--- The task ---
Using the material below, print the line that contains "Enojo en Argentina", the line that contains "लक्ष्मीबाई जयंती 1", and every line in between, exactly and nothing else.

--- Data shown ---
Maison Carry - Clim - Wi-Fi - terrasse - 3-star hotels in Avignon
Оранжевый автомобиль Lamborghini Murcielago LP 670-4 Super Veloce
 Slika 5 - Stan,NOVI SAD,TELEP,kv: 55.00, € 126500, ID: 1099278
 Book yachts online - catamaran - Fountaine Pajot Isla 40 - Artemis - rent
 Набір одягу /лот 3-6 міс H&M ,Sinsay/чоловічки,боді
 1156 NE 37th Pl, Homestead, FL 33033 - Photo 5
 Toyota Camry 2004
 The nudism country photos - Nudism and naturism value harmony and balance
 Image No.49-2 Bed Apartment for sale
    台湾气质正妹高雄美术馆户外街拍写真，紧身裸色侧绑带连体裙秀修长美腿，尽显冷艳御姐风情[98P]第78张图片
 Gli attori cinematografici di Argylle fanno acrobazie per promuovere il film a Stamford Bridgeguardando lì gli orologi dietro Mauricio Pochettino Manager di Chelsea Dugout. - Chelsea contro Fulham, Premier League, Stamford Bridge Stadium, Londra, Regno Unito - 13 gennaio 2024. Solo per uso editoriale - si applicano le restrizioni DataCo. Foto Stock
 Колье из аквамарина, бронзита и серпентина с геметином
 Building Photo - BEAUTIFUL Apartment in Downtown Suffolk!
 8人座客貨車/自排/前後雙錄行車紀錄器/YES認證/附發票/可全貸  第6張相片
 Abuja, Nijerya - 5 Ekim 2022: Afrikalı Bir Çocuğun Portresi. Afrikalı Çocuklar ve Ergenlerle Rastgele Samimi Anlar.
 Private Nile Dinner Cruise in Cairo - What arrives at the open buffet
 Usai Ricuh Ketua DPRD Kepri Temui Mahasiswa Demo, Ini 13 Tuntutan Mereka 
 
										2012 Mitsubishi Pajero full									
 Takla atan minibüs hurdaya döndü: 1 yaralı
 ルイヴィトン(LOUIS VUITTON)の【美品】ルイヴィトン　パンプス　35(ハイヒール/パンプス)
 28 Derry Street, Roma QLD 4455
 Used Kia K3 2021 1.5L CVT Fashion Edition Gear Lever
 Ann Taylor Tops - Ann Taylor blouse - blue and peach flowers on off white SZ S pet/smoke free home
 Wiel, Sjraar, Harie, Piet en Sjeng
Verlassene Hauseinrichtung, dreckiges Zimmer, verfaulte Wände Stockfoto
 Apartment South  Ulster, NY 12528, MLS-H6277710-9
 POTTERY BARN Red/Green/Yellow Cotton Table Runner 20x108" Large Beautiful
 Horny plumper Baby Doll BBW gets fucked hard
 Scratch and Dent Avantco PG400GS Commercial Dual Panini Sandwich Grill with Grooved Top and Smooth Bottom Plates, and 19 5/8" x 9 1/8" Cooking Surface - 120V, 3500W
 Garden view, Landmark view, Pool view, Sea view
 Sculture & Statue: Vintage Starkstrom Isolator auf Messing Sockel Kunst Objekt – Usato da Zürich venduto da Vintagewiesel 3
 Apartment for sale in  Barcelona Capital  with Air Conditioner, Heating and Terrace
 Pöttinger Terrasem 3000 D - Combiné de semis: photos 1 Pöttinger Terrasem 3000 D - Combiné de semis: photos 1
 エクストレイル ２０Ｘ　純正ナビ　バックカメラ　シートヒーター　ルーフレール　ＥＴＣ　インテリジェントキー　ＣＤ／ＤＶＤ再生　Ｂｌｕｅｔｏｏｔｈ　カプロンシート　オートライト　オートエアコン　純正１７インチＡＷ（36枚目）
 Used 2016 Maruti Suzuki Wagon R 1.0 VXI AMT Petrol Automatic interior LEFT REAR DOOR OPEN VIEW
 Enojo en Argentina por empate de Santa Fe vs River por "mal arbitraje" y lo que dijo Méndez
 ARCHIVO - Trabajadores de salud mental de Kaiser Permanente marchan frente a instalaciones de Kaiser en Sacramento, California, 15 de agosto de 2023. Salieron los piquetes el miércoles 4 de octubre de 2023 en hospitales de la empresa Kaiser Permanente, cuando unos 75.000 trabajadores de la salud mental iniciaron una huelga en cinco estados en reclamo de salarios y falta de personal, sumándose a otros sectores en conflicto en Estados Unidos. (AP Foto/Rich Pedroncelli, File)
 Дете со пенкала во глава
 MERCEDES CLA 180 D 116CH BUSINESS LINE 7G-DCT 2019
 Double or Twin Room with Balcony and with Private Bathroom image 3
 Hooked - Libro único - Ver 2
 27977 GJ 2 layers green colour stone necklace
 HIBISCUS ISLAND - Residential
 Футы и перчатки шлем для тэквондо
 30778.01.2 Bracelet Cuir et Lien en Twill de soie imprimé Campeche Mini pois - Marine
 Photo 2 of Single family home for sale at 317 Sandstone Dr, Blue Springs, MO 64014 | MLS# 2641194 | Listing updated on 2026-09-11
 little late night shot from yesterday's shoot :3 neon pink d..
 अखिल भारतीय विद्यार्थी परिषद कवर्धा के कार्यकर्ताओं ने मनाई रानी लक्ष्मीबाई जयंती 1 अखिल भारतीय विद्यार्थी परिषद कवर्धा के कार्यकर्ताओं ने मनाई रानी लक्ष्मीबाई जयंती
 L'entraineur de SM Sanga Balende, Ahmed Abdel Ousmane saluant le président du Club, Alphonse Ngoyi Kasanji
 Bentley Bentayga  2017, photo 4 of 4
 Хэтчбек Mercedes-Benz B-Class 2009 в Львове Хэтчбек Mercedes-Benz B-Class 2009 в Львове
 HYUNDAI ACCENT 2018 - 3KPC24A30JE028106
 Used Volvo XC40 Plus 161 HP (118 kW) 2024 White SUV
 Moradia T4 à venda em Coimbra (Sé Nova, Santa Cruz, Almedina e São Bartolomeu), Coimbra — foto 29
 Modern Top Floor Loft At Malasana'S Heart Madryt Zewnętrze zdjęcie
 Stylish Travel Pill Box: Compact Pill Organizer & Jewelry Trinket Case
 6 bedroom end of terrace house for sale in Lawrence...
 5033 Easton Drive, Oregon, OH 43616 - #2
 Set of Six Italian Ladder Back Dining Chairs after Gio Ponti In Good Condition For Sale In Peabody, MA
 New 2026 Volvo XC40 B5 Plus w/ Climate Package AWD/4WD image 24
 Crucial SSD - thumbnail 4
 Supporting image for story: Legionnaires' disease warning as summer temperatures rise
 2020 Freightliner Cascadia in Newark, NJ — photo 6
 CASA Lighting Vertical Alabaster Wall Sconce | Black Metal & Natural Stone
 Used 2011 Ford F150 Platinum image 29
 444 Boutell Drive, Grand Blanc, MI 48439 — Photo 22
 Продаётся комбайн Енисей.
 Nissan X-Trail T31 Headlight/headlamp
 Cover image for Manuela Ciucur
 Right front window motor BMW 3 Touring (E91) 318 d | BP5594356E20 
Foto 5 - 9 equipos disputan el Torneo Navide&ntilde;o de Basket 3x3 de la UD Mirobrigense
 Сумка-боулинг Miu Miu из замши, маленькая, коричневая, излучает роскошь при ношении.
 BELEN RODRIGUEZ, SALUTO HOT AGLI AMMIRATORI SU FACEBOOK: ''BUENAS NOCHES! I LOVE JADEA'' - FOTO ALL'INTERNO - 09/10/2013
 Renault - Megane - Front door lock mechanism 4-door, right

--- Result ---
 Enojo en Argentina por empate de Santa Fe vs River por "mal arbitraje" y lo que dijo Méndez
 ARCHIVO - Trabajadores de salud mental de Kaiser Permanente marchan frente a instalaciones de Kaiser en Sacramento, California, 15 de agosto de 2023. Salieron los piquetes el miércoles 4 de octubre de 2023 en hospitales de la empresa Kaiser Permanente, cuando unos 75.000 trabajadores de la salud mental iniciaron una huelga en cinco estados en reclamo de salarios y falta de personal, sumándose a otros sectores en conflicto en Estados Unidos. (AP Foto/Rich Pedroncelli, File)
 Дете со пенкала во глава
 MERCEDES CLA 180 D 116CH BUSINESS LINE 7G-DCT 2019
 Double or Twin Room with Balcony and with Private Bathroom image 3
 Hooked - Libro único - Ver 2
 27977 GJ 2 layers green colour stone necklace
 HIBISCUS ISLAND - Residential
 Футы и перчатки шлем для тэквондо
 30778.01.2 Bracelet Cuir et Lien en Twill de soie imprimé Campeche Mini pois - Marine
 Photo 2 of Single family home for sale at 317 Sandstone Dr, Blue Springs, MO 64014 | MLS# 2641194 | Listing updated on 2026-09-11
 little late night shot from yesterday's shoot :3 neon pink d..
 अखिल भारतीय विद्यार्थी परिषद कवर्धा के कार्यकर्ताओं ने मनाई रानी लक्ष्मीबाई जयंती 1 अखिल भारतीय विद्यार्थी परिषद कवर्धा के कार्यकर्ताओं ने मनाई रानी लक्ष्मीबाई जयंती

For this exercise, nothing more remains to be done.